(What you are asked to do) Each line of the data below containing "Reef" needs to be listed.

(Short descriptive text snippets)
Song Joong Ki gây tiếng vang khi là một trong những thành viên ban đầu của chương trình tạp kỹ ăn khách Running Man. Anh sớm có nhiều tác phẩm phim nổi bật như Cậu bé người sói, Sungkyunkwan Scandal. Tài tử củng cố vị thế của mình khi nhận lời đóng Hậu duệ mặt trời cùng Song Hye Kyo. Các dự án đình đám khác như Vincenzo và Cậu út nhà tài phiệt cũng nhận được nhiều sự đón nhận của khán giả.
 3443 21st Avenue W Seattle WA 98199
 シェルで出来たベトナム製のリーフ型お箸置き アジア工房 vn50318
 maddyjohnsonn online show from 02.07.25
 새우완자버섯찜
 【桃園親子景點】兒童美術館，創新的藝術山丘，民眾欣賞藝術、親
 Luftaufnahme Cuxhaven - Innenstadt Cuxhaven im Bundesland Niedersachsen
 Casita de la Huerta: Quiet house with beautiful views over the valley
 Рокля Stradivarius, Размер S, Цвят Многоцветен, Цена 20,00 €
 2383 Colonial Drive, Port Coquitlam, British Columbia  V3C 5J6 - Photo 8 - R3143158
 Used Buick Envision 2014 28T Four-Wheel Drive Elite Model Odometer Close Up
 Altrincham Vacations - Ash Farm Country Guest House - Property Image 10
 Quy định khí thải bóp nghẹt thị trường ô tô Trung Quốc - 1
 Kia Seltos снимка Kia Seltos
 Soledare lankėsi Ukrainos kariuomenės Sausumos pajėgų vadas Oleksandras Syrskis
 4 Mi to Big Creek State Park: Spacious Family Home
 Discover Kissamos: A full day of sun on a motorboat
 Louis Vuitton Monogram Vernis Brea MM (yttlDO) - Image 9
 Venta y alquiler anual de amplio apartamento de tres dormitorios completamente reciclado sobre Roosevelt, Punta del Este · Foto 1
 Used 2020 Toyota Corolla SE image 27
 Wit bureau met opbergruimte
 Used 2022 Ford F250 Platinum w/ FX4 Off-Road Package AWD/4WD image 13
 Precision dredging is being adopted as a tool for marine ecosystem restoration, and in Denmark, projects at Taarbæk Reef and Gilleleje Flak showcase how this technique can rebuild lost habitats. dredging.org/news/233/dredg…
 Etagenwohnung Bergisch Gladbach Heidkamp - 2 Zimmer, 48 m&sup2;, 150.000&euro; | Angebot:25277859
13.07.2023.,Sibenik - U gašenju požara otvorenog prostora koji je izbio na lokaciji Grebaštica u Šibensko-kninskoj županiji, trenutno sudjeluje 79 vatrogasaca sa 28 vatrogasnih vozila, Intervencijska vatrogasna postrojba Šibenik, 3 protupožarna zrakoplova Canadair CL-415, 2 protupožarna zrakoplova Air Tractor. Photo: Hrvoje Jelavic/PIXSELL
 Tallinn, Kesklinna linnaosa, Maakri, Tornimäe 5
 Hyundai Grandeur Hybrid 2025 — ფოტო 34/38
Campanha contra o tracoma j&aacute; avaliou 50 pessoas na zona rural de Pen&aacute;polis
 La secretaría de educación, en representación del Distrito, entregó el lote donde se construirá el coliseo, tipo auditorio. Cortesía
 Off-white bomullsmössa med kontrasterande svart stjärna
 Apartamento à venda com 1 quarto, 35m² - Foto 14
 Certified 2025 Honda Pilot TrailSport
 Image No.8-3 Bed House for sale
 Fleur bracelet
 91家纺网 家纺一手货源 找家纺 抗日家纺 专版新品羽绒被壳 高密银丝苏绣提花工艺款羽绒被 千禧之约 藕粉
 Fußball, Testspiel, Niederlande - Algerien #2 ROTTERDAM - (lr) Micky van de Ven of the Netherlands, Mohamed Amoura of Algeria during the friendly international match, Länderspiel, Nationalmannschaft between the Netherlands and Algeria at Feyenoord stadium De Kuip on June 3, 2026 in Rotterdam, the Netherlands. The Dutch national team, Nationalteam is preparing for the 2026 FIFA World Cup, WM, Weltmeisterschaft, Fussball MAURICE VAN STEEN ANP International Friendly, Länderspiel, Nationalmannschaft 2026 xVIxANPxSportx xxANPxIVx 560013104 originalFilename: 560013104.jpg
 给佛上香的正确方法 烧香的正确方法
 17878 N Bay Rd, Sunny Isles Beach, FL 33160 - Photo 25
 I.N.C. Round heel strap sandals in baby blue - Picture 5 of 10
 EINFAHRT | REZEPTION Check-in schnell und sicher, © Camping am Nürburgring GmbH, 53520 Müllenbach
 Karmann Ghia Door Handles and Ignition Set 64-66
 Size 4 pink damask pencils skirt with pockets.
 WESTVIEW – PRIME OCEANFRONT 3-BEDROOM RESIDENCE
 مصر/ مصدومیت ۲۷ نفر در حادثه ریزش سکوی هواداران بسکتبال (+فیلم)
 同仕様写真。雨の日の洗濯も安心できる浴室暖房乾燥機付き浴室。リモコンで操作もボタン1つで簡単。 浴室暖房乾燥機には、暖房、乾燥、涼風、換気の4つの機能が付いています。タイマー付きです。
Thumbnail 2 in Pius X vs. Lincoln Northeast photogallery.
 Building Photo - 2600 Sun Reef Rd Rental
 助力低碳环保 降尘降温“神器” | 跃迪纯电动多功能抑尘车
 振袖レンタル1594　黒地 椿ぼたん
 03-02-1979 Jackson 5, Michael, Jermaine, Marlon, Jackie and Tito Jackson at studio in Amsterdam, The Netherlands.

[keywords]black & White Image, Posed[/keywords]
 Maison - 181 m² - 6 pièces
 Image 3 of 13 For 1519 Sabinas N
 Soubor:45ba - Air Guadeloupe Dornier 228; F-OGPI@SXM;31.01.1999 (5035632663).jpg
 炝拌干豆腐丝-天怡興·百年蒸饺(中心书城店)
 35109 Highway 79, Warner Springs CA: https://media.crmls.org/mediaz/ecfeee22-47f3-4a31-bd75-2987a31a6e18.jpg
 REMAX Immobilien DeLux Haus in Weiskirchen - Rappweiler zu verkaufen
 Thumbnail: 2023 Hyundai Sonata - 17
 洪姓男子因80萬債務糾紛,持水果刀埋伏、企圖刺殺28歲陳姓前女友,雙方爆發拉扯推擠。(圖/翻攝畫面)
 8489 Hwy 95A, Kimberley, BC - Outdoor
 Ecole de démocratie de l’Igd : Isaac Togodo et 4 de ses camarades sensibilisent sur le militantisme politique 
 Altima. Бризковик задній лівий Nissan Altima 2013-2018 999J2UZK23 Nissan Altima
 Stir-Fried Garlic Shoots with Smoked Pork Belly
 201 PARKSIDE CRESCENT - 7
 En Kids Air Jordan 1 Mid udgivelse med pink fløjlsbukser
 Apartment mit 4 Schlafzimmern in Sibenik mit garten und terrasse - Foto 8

(Answer area)
 Precision dredging is being adopted as a tool for marine ecosystem restoration, and in Denmark, projects at Taarbæk Reef and Gilleleje Flak showcase how this technique can rebuild lost habitats. dredging.org/news/233/dredg…
 Building Photo - 2600 Sun Reef Rd Rental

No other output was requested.